During the last few years, the supply of military relics has exploded. The Internet has provided a path to far more relics than one could ever find by just waiting for price lists to arrive in the mail or attending shows. In addition, dealers are discovering large caches of relics and vehicle parts in former Eastern Bloc nations, the Far East, South America and even in warehouses in the United States and Europe. People have figured out that military relics have value, so more and more people have been looking, whether at garage sales, farm closeouts or in nations of deposed dictators.

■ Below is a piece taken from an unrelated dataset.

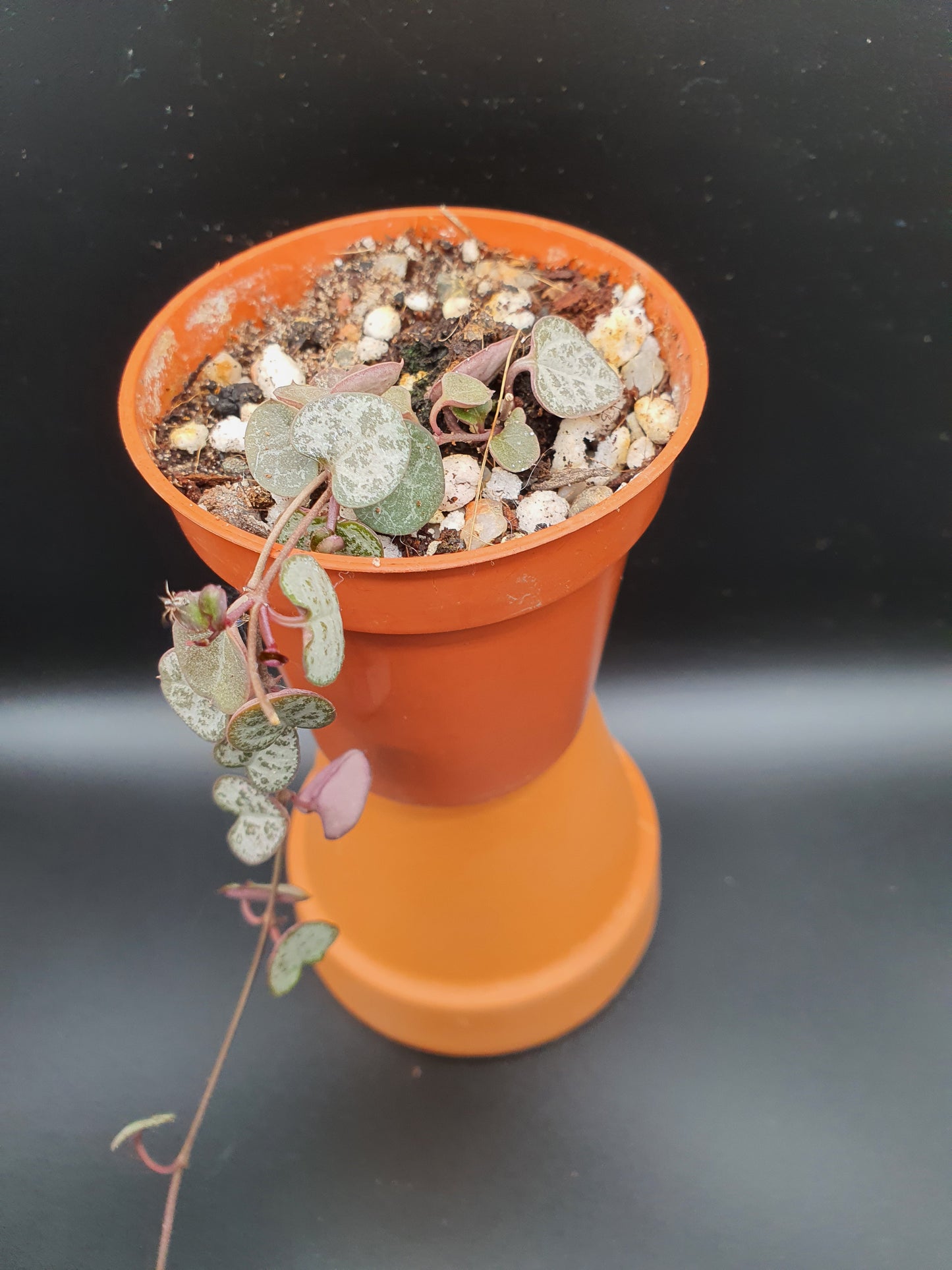 Ceropegia woodii - String of Hearts (pot) image 1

The result is more and more relics have entered the market at a time when not necessarily more buyers are entering the hobby. For now, supply is out-distancing demand. A real world example of this is the $45 I paid for a M1910 T-handle shovel back in 1997. At the time, I thought that was a high price. Recently discovered piles of unissued WWII shovels in Hungary, however, means that my $45 shovel probably isn’t worth that much today, 15 years later… regardless of “How much I have in it.” The supply of shovels drives how saleable my shovel is today, not how much I paid for it.

The fact is, hardly a month goes by when I don’t hear a story about some “cache” of relics or military vehicle parts that were recently discovered. Many of us remember the great discovery of US WWII tanker helmets back in the 1990s. That drove the prices down only to see them slowly recover now 20 years later and only after that initial pile of hundreds of helmets were sold.

The same happened with WWII Diamond T wreckers. In the 1970s and 1980s, they were nearly as rare as hen’s teeth. That is, until France and Spain sold all of their WWII wreckers to a collector who imported them to the United States. Today, with the supply greatly increased, the retail value of restored Diamond Ts has sunk to levels far below 1990s prices.

 

Supply isn’t the sole factor

The stagnancy of the military relic and vehicle markets, however, is not true across the board. Remember, this story all began with that parking lot of mediocre muscle cars. While common examples have lost their value, truly great examples are commanding record prices at auctions. The same is true for military relics and vehicles.

High quality, desirable items continue to command record prices. Medal groups, weapons, uniforms and personal items belonging to notable figures such as general officers, paratroopers or Special Forces continue to increase in value while the prices of common uniforms, accouterments and gear remain the same or even drop.

Similarly, prototype Jeeps, artillery pieces, tracked or wheeled armor and amphibious vehicles continue to increase in actual “sold for” prices. At the same time, though, M35s, CCKWs, WC-52s  and M37s (all of which were produced—and preserved—in the thousands) have remained stagnant or even dropped from the late 1990s price levels. Buyers continue to pay increasing prices for high quality, desirable, stand-out items.

Whether you are just entering our hobby, been at for many years or even considering how much longer you will be a gatherer, consider assembling a collection that focuses on quality rather than quantity. You may find the rewards—both intellectual and financial—will be better served.

 

Collect the Quality, Preserve the History.